- Born: 22 July 1945 (age 81) Oxford, England
- Occupation: Actress
- Years active: 1963–2016
- Spouses: ; Simon Williams ​(divorced)​ ; Michael Cochrane ​(m. 1979)​
- Children: 3
- Relatives: Kate O'Mara (sister)

= Belinda Carroll =

English stage and television actress (born 1945)

Belinda Carroll (born 22 July 1945) is an English stage and television actress.

==Background and early career==
Born in Oxfordshire, Carroll's parents were John F. Carroll, a flying instructor with the Royal Air Force, and actress Hazel Bainbridge (born as Edith Marion Bainbridge; 25 January 1910 – 7 January 1998). Her maternal grandfather was manager of the Oxford Playhouse theatre; Carroll recalled that she was "fifth generation of an acting family ... mostly actor managers" (speaking at memorial service for Kate O'Mara at St Paul's, Covent Garden). Carroll's elder sister was actress Kate O'Mara; the two attended a convent boarding school in Chertsey which, according to Carroll, they both found miserable. Subsequently, she trained in provincial repertory, joining the Wimbledon Repertory Company after leaving school, and made her debut in London's West End aged 20, when she took over the role of Marion from Barbara Ferris in Terence Frisby's long-running comedy There's a Girl in My Soup, opposite Donald Sinden and Clive Francis.

==Stage and television==
Her other stage roles from the late 1960s to early 1980s included parts in His, Hers and Theirs with Gladys Cooper; The Pleasure of His Company with Douglas Fairbanks, Jr.; Peter Pan (as Wendy) with Dorothy Tutin; with Jean Kent and David Jason as the often skimpily clad Frances Hunter in No Sex Please, We're British; Charley’s Aunt with John Inman; and as Anne Meredith in Agatha Christie's Cards on the Table (1981).

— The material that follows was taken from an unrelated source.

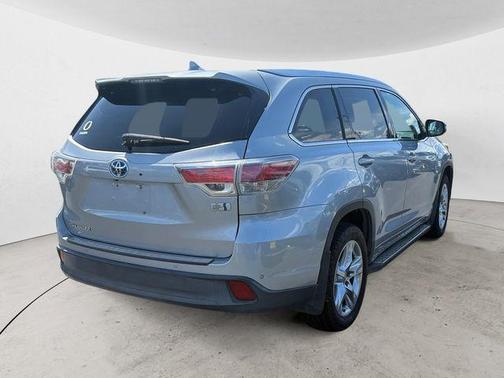Silver Sky Metallic 2014 Toyota Highlander Hybrid Limited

Carroll appeared subsequently in many productions around Britain and on television in Callan, The Duchess of Duke Street (1976), Wodehouse Playhouse, (1978), Malice Aforethought (1979), Lovejoy, (1991), and Casualty (2001). She starred with James Fox and Simon Williams in the psychological drama No Longer Alone (1978).

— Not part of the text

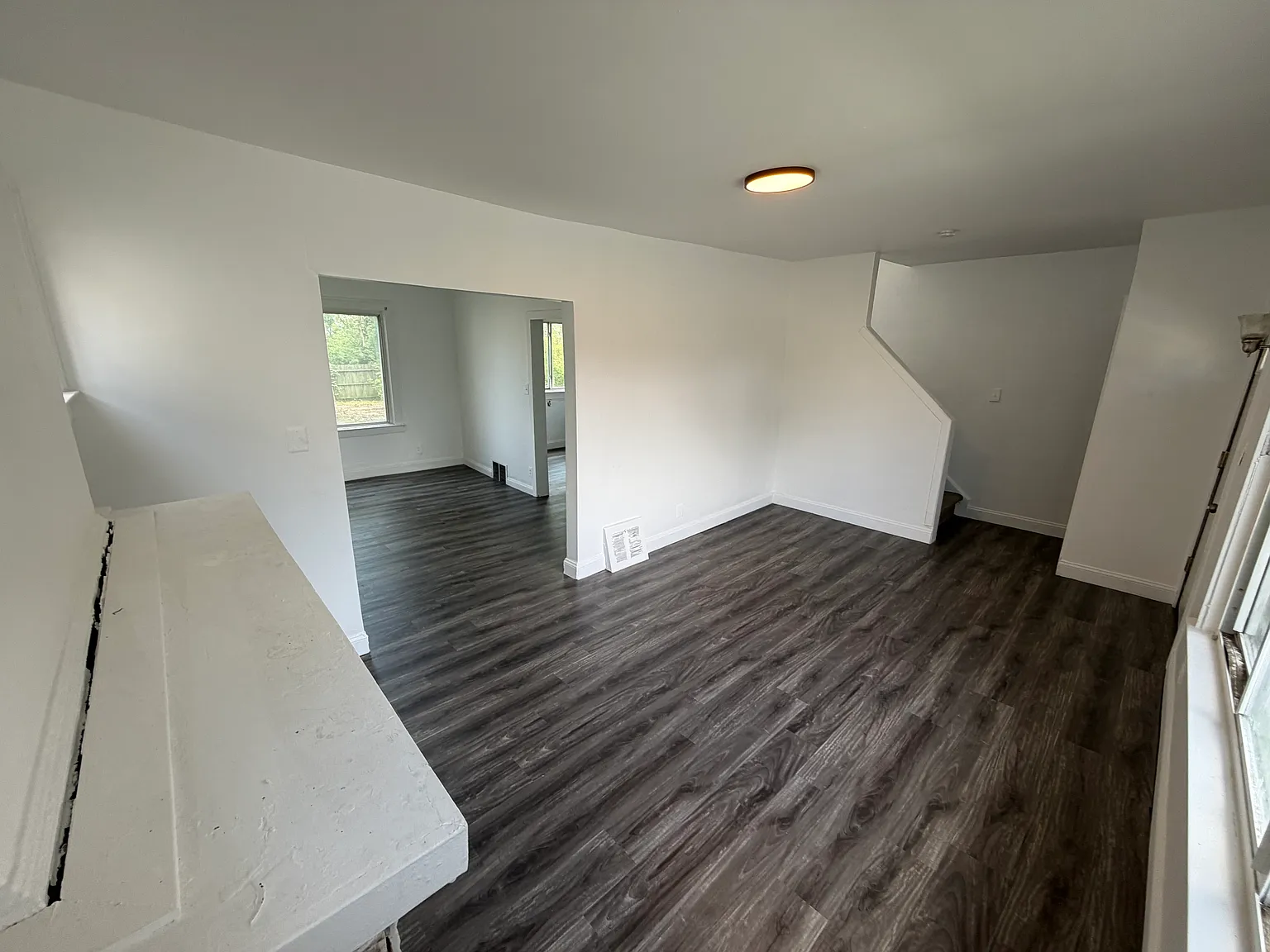 3 bed, 1100 sqft, $1,200 — Photo 4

Carroll and Kate O'Mara performed together only twice, once on television as prostitutes with Ronnie Barker, and, when Carroll was in her sixties, touring for Bill Kenwright in Lord Arthur Savile's Crime by Oscar Wilde.

==Family==
Carroll was married first to actor Simon Williams, who also appeared in No Sex Please, We're British. They had two children, Tam and Amy Williams, also actors, before divorcing in the late 1970s. She married actor Michael Cochrane in 1979.